Eine Anatomie der menschlichen Kreativität
Der Titel des Buches „Die Nachgeborenen“ bezieht sich auf das Gedicht von Bertolt Brecht, der darin das Verständnis für den Kampf und die Verzweiflung seiner Generation im Kampf gegen Faschismus, Diktatur und Barbarei anspricht. Das Wagnis gegen die Mordlust des Nationalsozialismus für Menschlichkeit und Gerechtigkeit sein Leben aufs Spiel zu setzen, ist umso größer, da diese Menschen in der Isolation inmitten von fanatisierten und brutalisierten Parteigängern und Mitläufern ihre aufrechte Haltung entwickeln und bewahren mussten. Die Bereitschaft zu dieser Haltung in dieser aussichtslosen Situation von Verrat, Wegschauen und unermesslicher Angst ist heute kaum mehr nachvollziehbar. So sind für uns heute dieser Mut und der unbeugsame Wille zu einer menschlichen Haltung in diesem schreckensgeprägten Terrorregime nicht mehr zugänglich. Die Nachgeborenen von diesen aufrechten Menschen sind durch das Furchtbare, das ihren Vorfahren geschehen ist, traumatisiert, was sich oft zuerst in Verdrängen, Schweigen, seelischem Leid, im weiteren dann in berechtigtem Stolz, in Bereitschaft zu sozialem Engagement und in der Verantwortung, die Botschaft ihrer Vorfahren fort zu führen, äußert.

Ich selbst bin ein Nachgeborener zumindest von Menschen mit einer bewahrten Haltung und habe dies von meiner Familie für weniger gefährliche Zeiten mitgegeben bekommen, so verstehe ich mich. Ich musste mein Leben nicht riskieren, aber mein offenes Auftreten gegen Ungerechtigkeit hat nicht immer die Freude meiner Mitmenschen und von Entscheidungsträgern, ob in Schule, Beruf oder im Bekanntenkreis erregt. Wir leben jetzt wieder plötzlich und unvermutet in gefährlichen Zeiten, obwohl die Aufmerksamen immer den Finger auf unsere unverheilten und schwärenden Wunden gelegt haben.

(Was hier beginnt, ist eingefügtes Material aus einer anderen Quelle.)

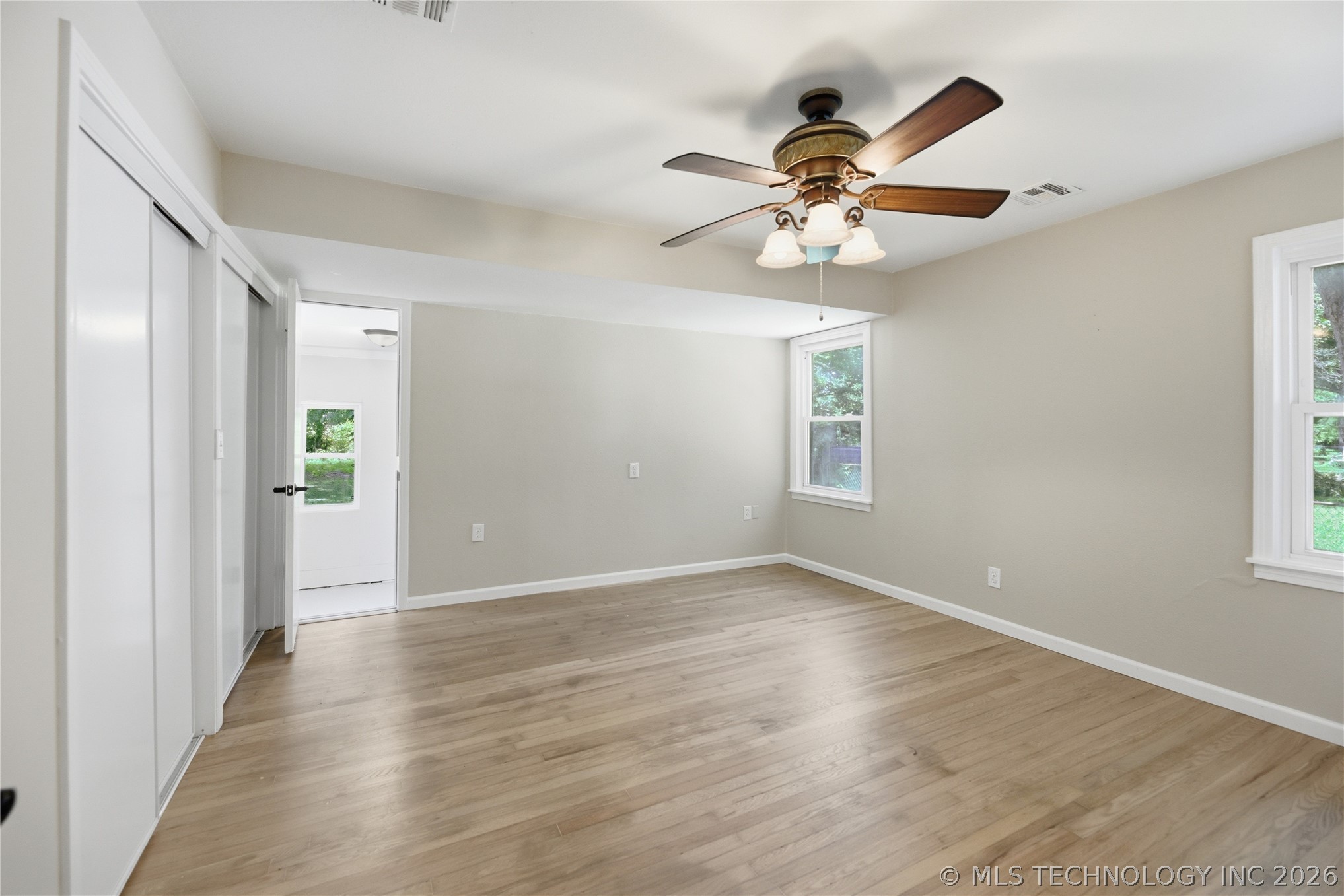 111 Irving Street Property Photo 25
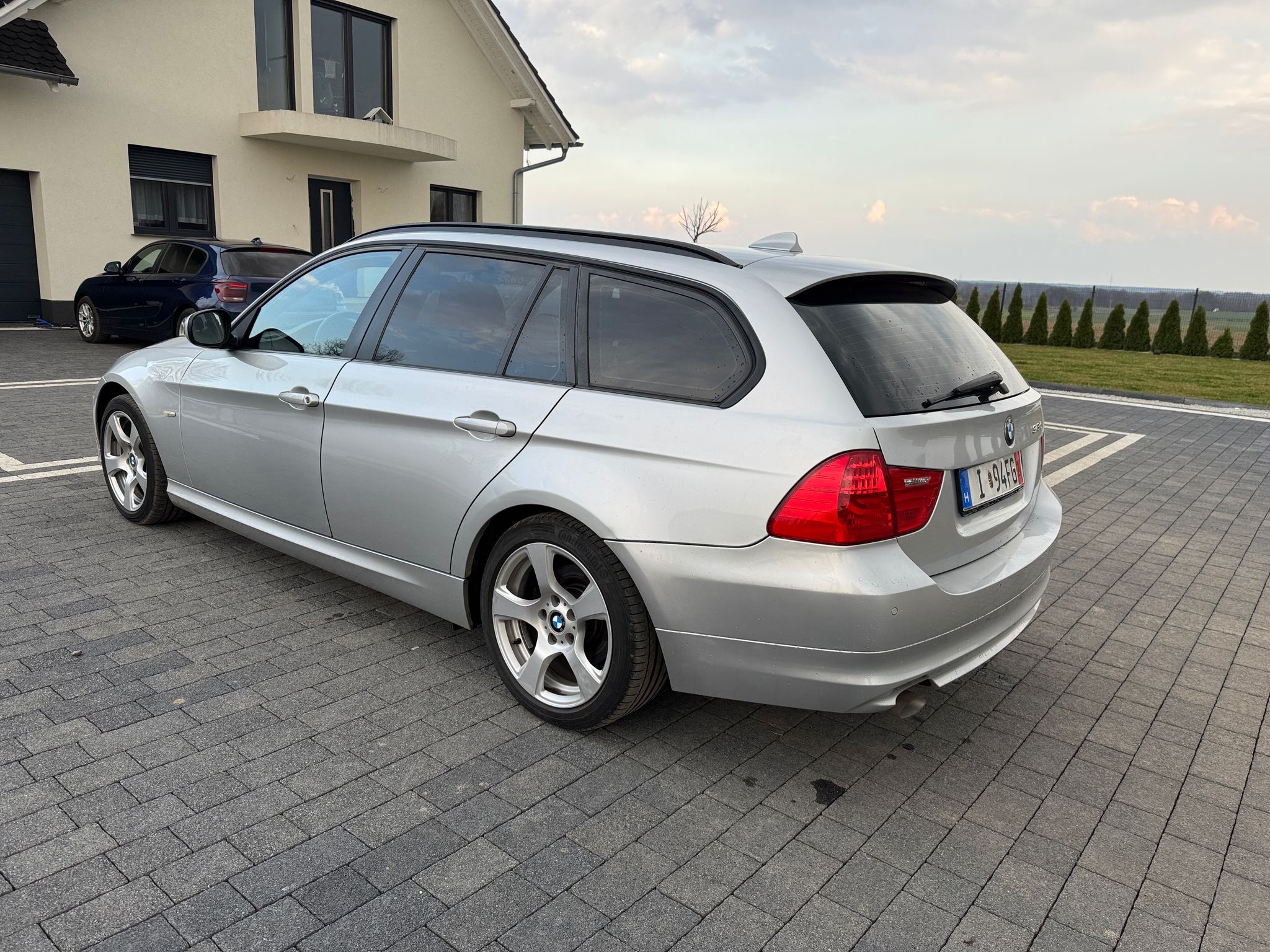 mauto BMW 318D Touring Edition Exclusive 143KM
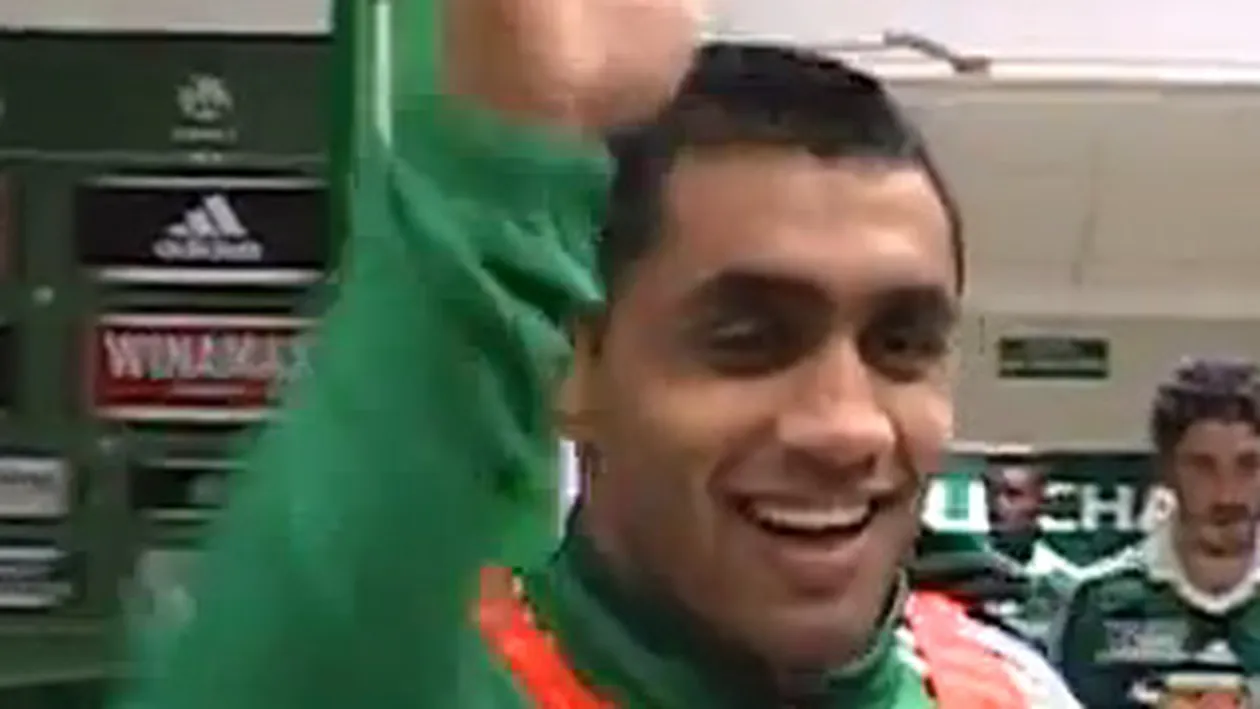 VIDEO Banel a fost sarbatorit in vestiar de colegi dupa ce a deschis scorul in partida St. Etienne-Caen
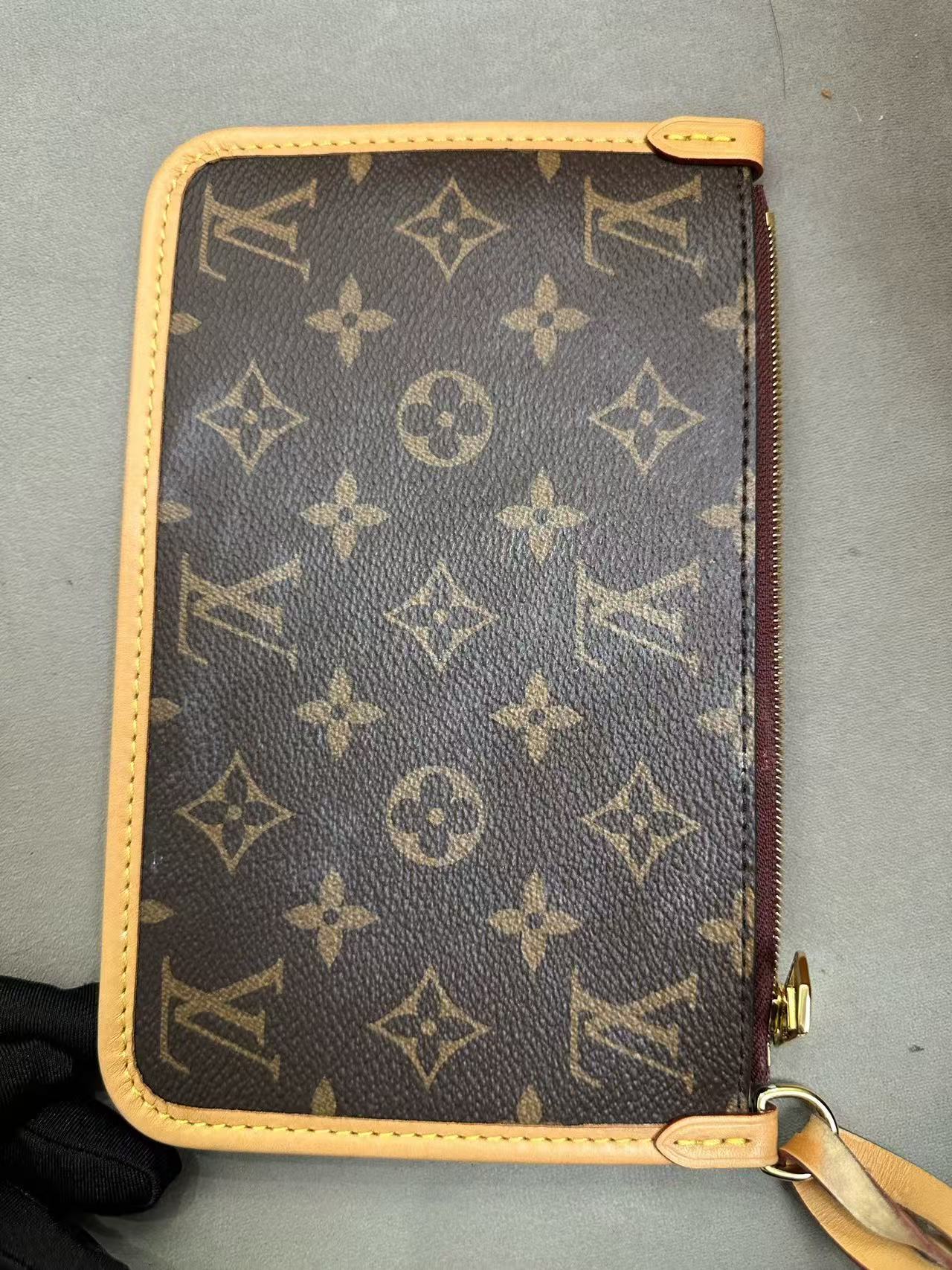 Louis Vuitton - Carryall - Monogram coated canvas with Vachetta leather trim - Brown - (small)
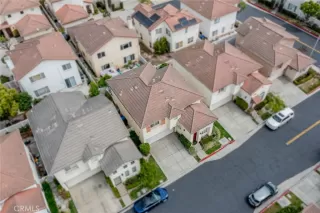 Photo #3: OC25124224 Listing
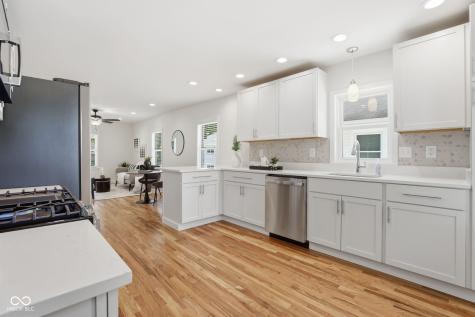 5018 Primrose Avenue Indianapolis IN 46205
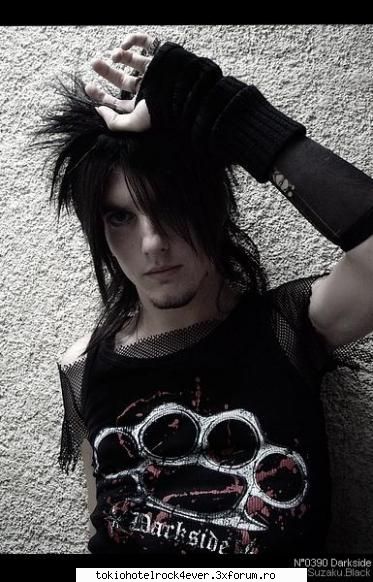 Cinema Bizarre - se pare ca daa citez de pe site "Pentru inceput - *..::Other Bands::..*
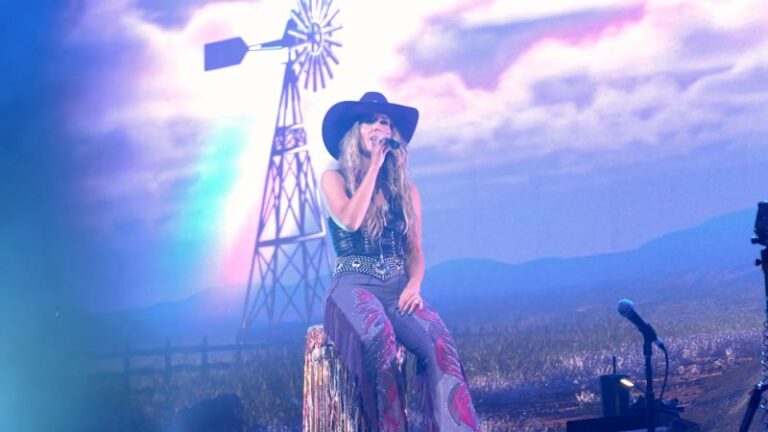lainey-wilson-captivates-audience-with-july-4th-performance-on-cnn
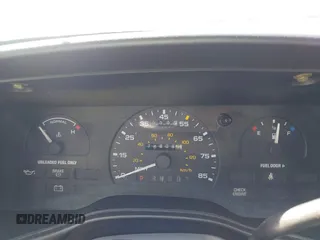 1993 Ford Taurus z VIN 1FACP52U4PG225521, wystawiony jako IAAI lot #42096535 z przebiegiem 76 808 mil mil oraz . Historia ofert i sprzedaży dostępna na DreamBid. Obrazek 7.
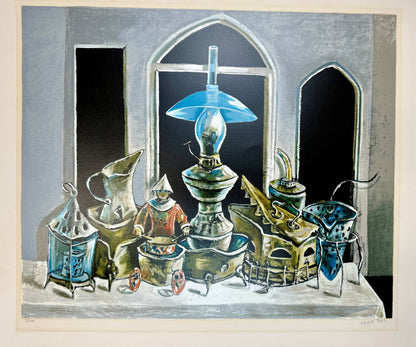 ליטוגרפיה של יוסל ברגנר, מנורה כחולה וכלים, מנורת נפט גדולה בעלת מכסה כחול במרכז, מוקפת בכלי בית סוריאליסטיים ודמות ילד קטן, בתוך חלל עם חלונות גותיים מקושתים, בגווני אפור עמוק, חתומה בעיפרון.
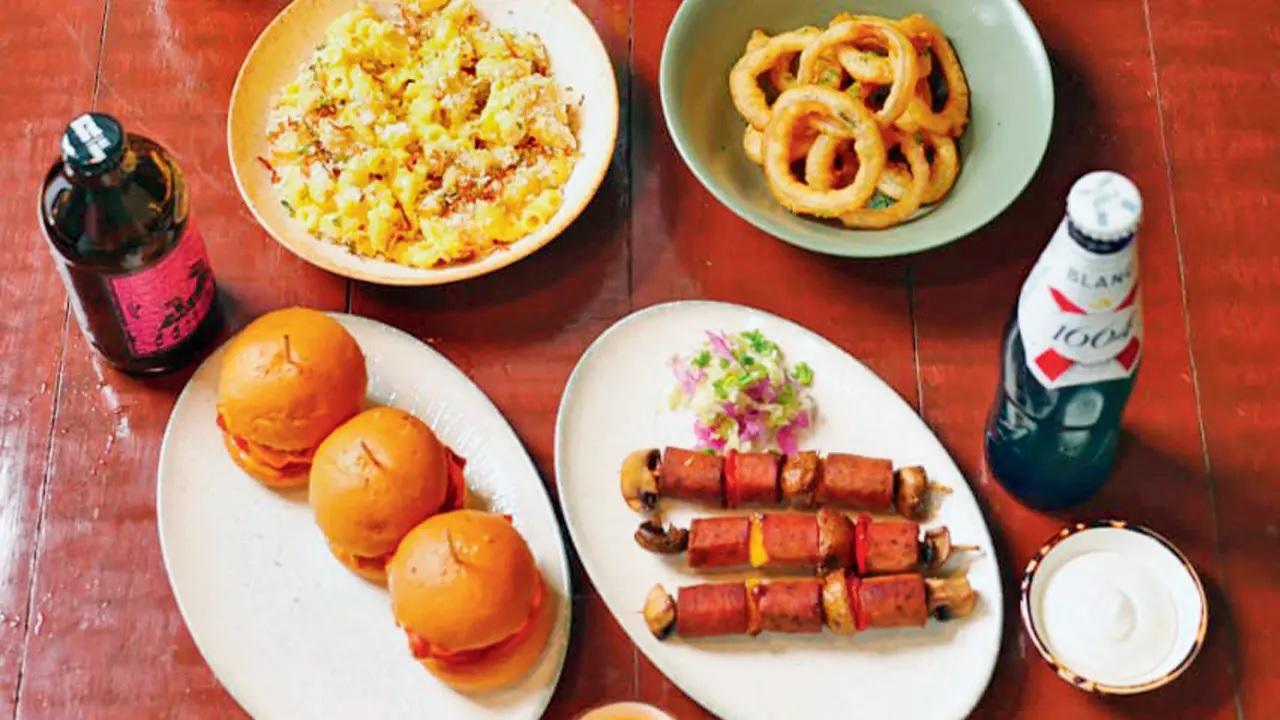 Bite-sized funMunch on mini bratwurst skewers, beer-battered onion rings or the classic mini pretzels as the beers keep flowing at this all-day café and bar. At Eddie’s Cafe and Barr, Silver Croft Building, 16th and 33rd Road Junction, Bandra West. Call 9930462377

Die Zeit der Friedensmärsche im Atomgleichgewicht des Kalten Krieges, die Auseinandersetzungen mit noch lebenden und unbelehrbaren Nationalsozialisten, Boredajkowitsch, Rajakowitsch, Verbelen und andere, die Studentenrevolte gegen die verkrustete österreichische Gesellschaft für mehr Demokratisierung und das Aufbrechen konservativer Lebensart, all das bestimmte die Kämpfe meiner Jugend. Meine Freunde waren Kinder von Eltern aus dem österreichischen Widerstandskampf oder von zurückgekehrten Emigranten oder auch aus dem sozialdemokratischen Milieu, Männer und Frauen, die dem nationalsozialistischen Regime innerlich ablehnend gegenüberstanden. Die Verbindung mit den Eltern zeichnete sich auch dadurch aus, dass wir selbst uns als Minderheit in einer andersdenkenden Gesellschaft erlebten.